Taking the data below, please print only the lines from the line holding "Biaglut pasta ditali 500gr" to the line holding "Zadbaj o swój dom z Daikin", inclusive, with pictures omitted.

= Input =
-------------------------

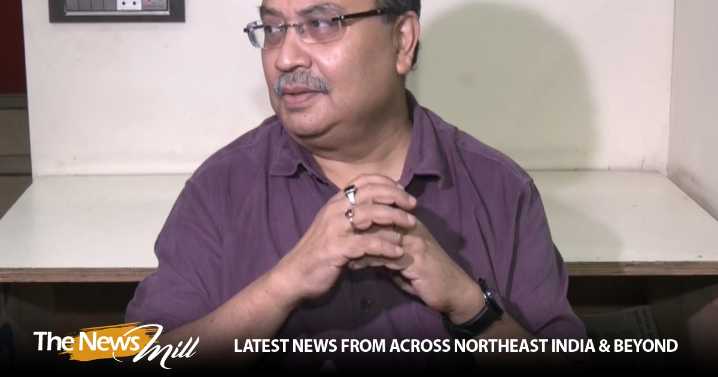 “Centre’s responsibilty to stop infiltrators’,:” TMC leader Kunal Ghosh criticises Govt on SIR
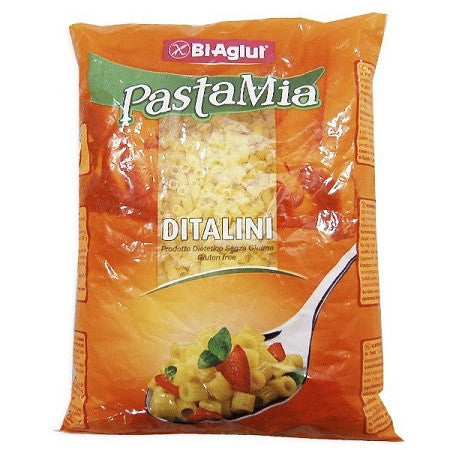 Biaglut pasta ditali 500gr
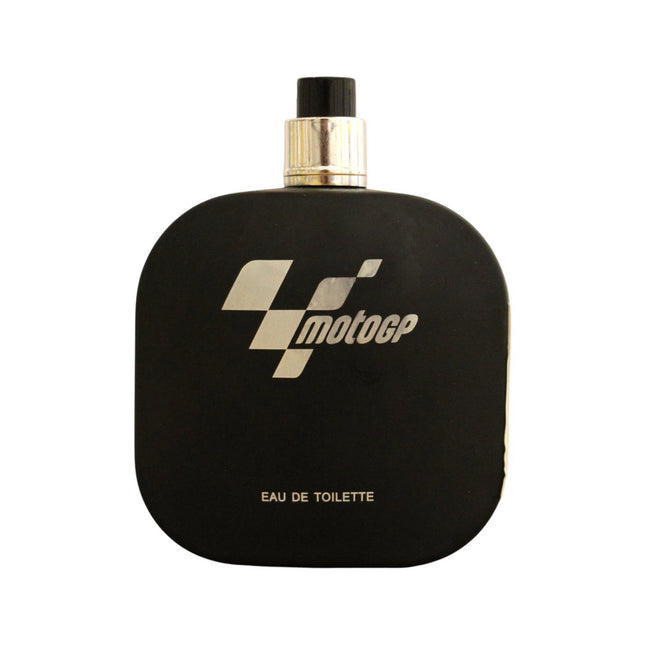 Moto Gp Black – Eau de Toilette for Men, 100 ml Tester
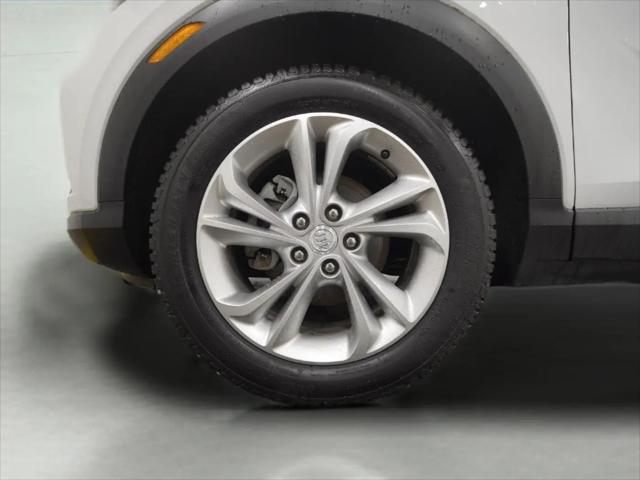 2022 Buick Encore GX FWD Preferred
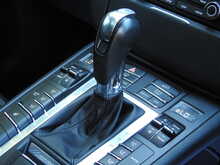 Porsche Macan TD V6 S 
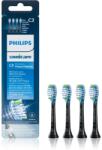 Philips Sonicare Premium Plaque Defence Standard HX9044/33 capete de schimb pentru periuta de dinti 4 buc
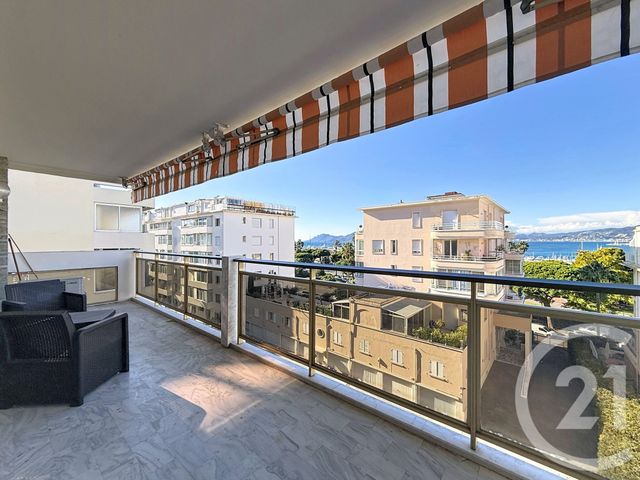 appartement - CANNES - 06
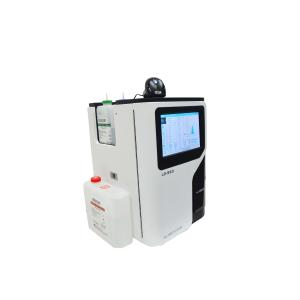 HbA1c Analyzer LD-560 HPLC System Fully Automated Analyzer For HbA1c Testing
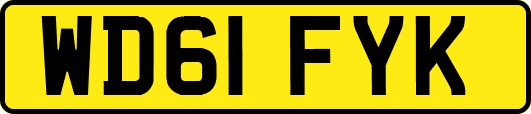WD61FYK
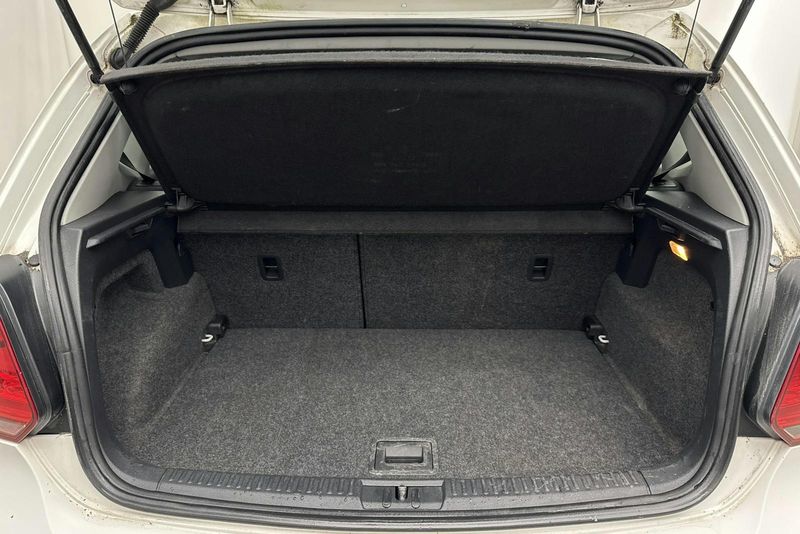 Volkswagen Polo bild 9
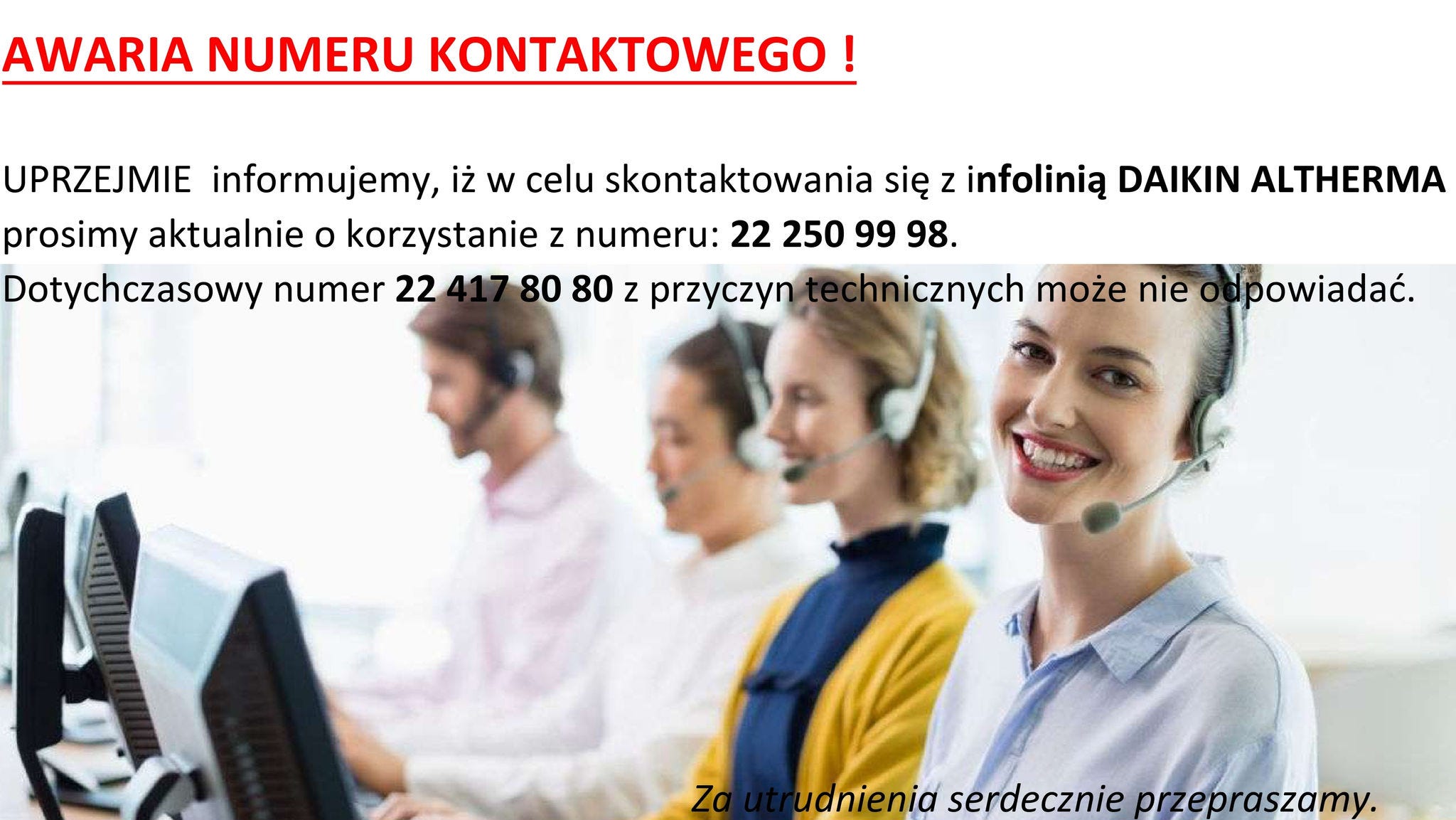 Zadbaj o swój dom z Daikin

-------------------------

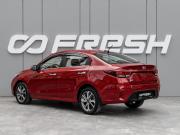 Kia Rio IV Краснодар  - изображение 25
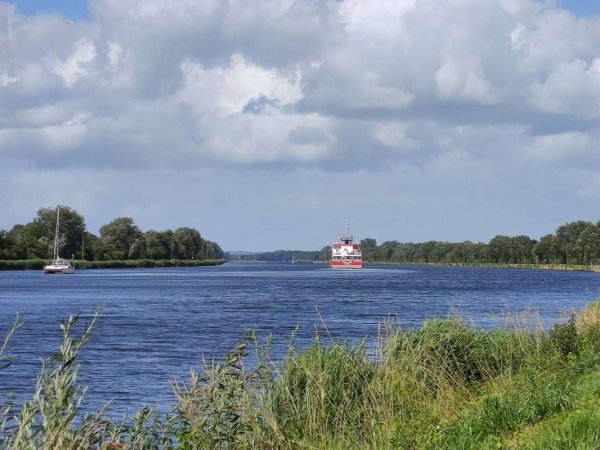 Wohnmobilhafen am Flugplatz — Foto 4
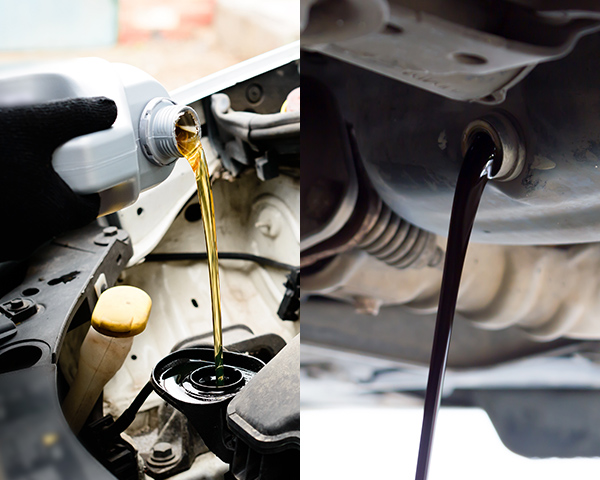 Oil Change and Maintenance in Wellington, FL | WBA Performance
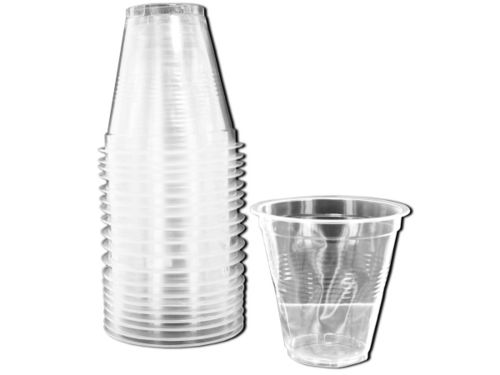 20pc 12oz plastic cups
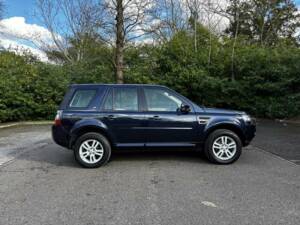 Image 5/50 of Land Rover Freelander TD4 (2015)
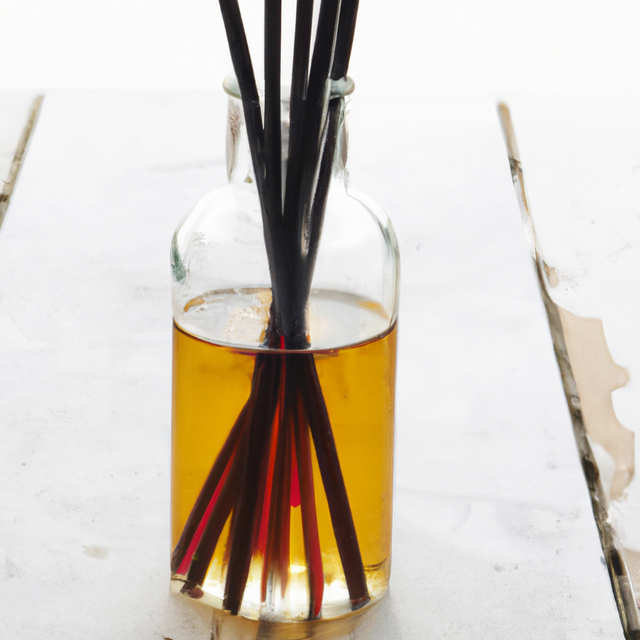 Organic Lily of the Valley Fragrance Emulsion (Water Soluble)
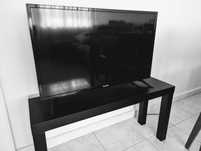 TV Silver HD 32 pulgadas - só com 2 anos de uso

-------------------------

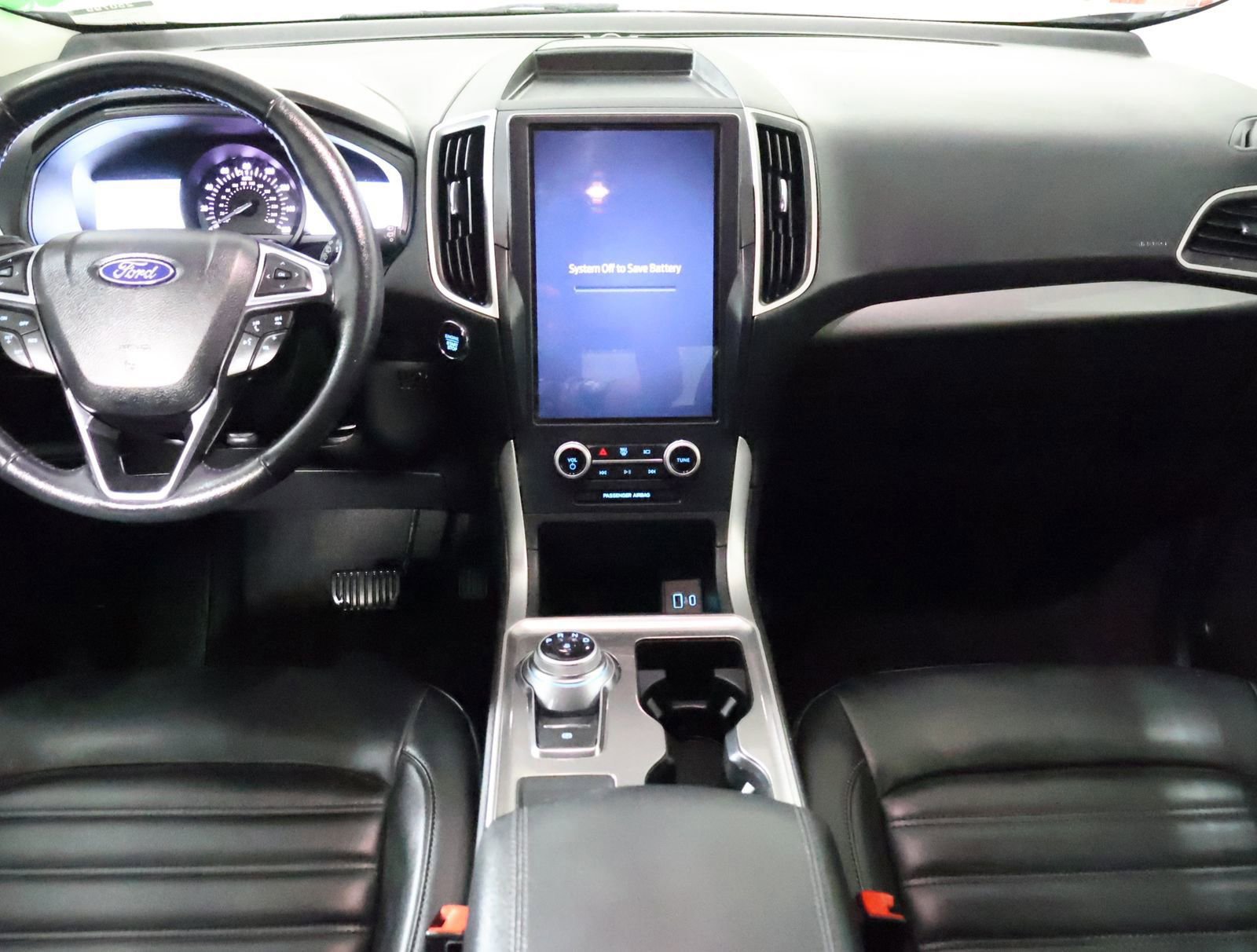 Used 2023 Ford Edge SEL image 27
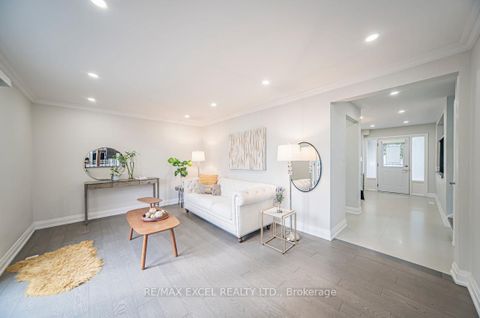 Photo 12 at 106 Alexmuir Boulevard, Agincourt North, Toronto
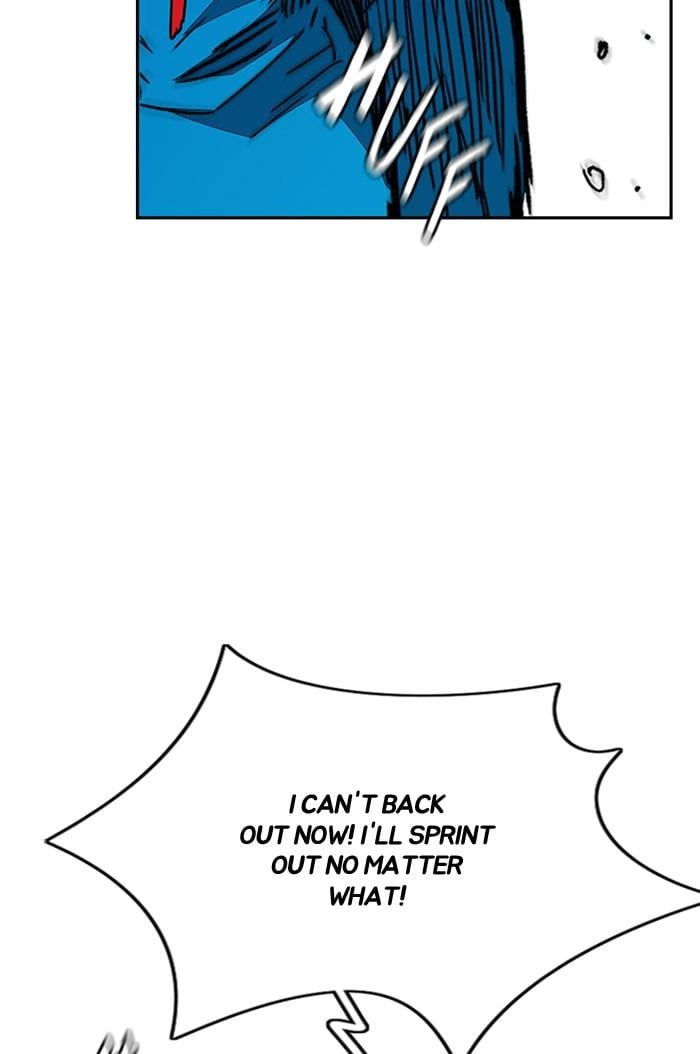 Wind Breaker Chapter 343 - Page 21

-------------------------

= Solution for this problem =
 Biaglut pasta ditali 500gr
 Moto Gp Black – Eau de Toilette for Men, 100 ml Tester
 2022 Buick Encore GX FWD Preferred
 Porsche Macan TD V6 S 
 Philips Sonicare Premium Plaque Defence Standard HX9044/33 capete de schimb pentru periuta de dinti 4 buc
 appartement - CANNES - 06
 HbA1c Analyzer LD-560 HPLC System Fully Automated Analyzer For HbA1c Testing
WD61FYK
 Volkswagen Polo bild 9
 Zadbaj o swój dom z Daikin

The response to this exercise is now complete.